» **PROVIDED RECORDS**
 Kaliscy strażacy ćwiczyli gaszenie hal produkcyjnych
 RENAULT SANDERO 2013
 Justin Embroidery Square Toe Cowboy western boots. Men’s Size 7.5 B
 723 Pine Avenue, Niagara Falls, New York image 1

---

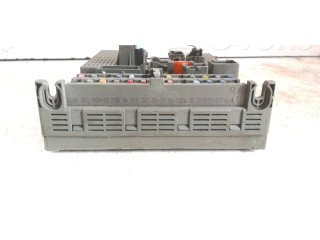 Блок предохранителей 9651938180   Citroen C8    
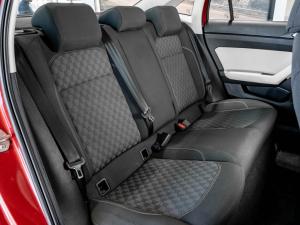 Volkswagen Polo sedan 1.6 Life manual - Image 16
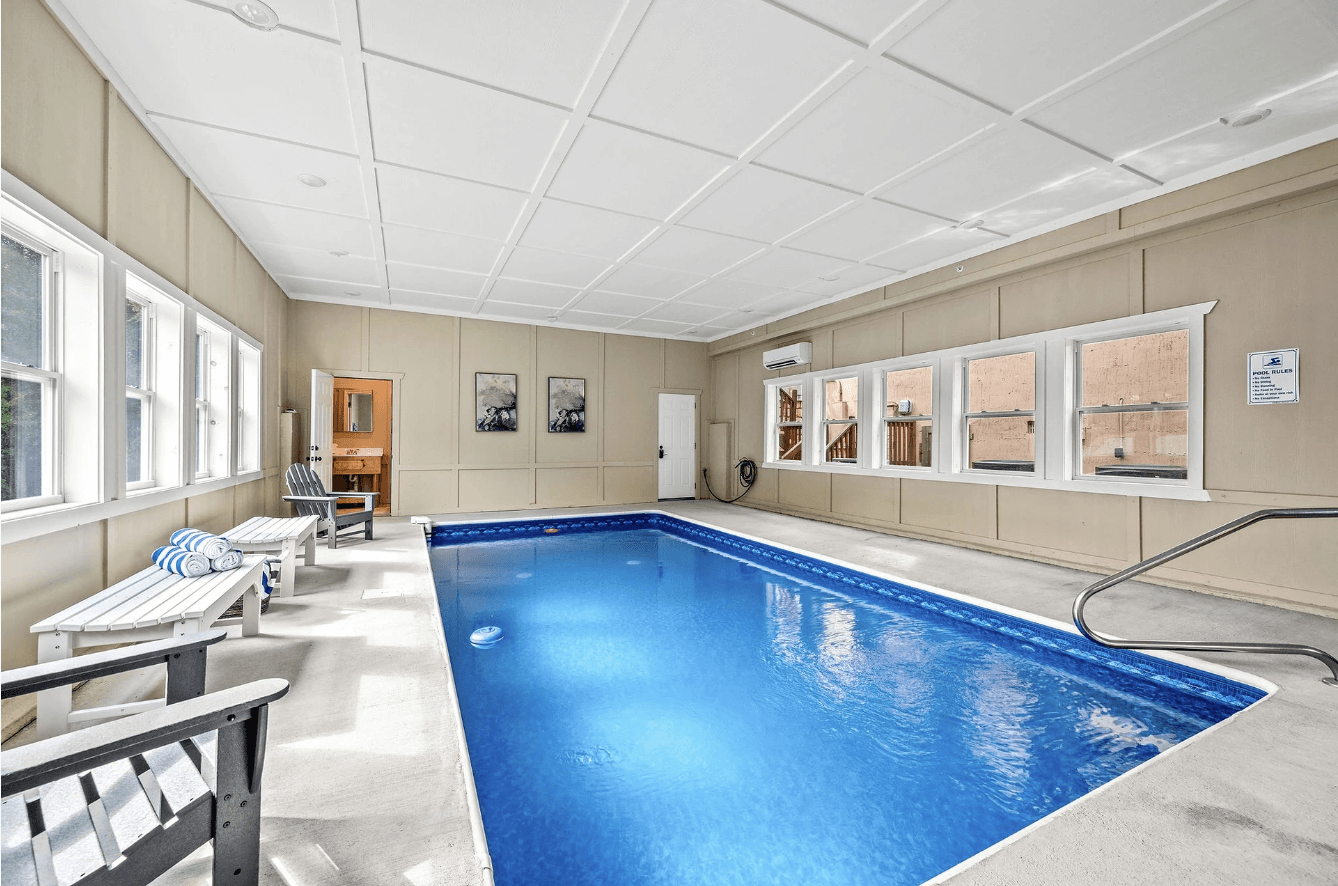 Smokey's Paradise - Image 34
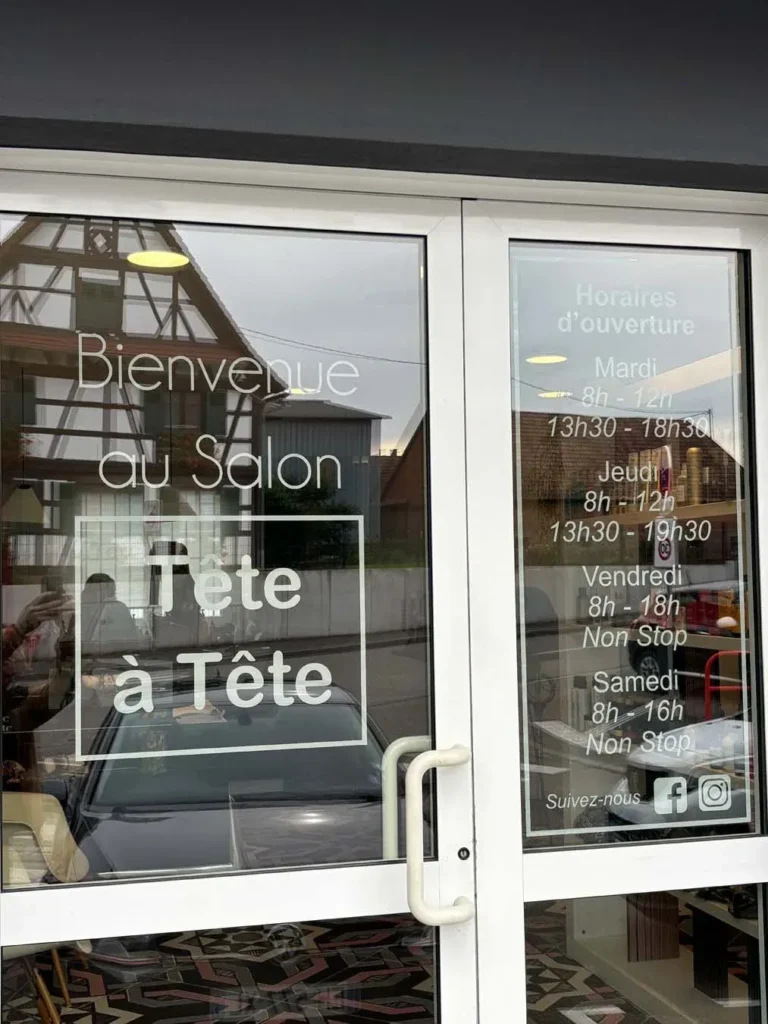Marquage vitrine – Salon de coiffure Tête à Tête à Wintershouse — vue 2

» **TASK DIRECTIONS**
Out of the data above, give again only the lines starting at the one holding "Kaliscy strażacy ćwiczyli" and ending at the one holding "723 Pine Avenue, Niagara", unchanged.

» **ANSWER TO THIS TASK**
 Kaliscy strażacy ćwiczyli gaszenie hal produkcyjnych
 RENAULT SANDERO 2013
 Justin Embroidery Square Toe Cowboy western boots. Men’s Size 7.5 B
 723 Pine Avenue, Niagara Falls, New York image 1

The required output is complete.